• _Task item_: The goal is a clean copy of all the data below, with pictures dropped and everything else retyped exactly.

• _Data block_:
***

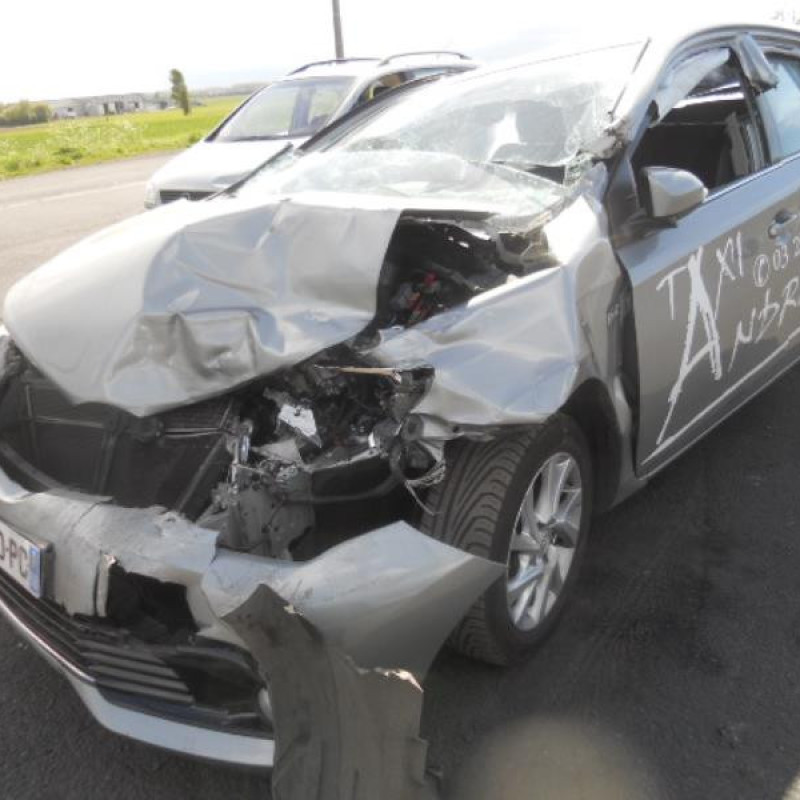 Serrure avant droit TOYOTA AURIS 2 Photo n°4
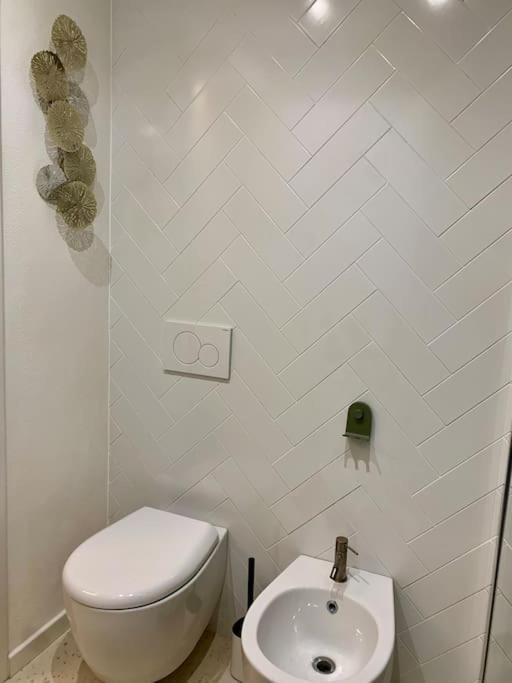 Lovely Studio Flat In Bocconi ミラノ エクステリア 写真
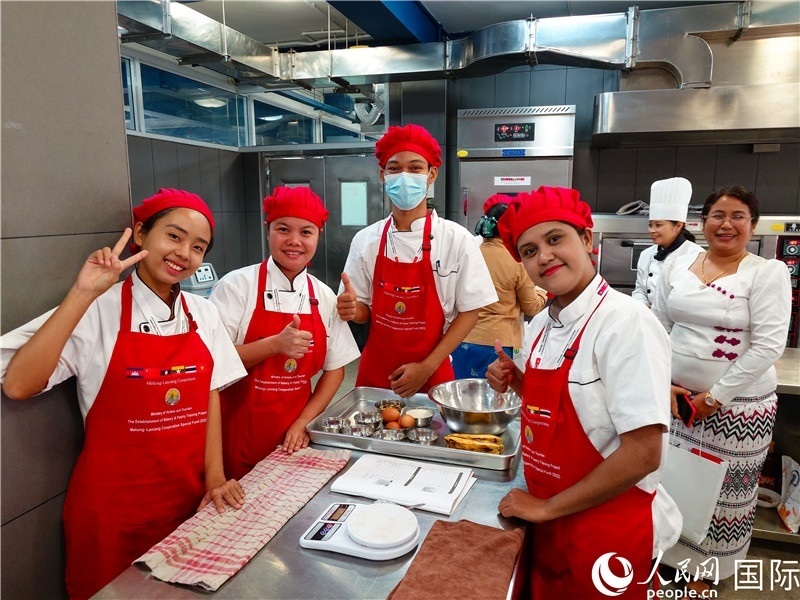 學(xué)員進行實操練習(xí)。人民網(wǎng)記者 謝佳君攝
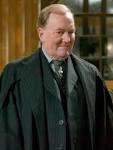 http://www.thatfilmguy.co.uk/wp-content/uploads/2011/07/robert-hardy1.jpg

***

• _Exercise answer_:
 Serrure avant droit TOYOTA AURIS 2 Photo n°4
 Lovely Studio Flat In Bocconi ミラノ エクステリア 写真
 學(xué)員進行實操練習(xí)。人民網(wǎng)記者 謝佳君攝
 http://www.thatfilmguy.co.uk/wp-content/uploads/2011/07/robert-hardy1.jpg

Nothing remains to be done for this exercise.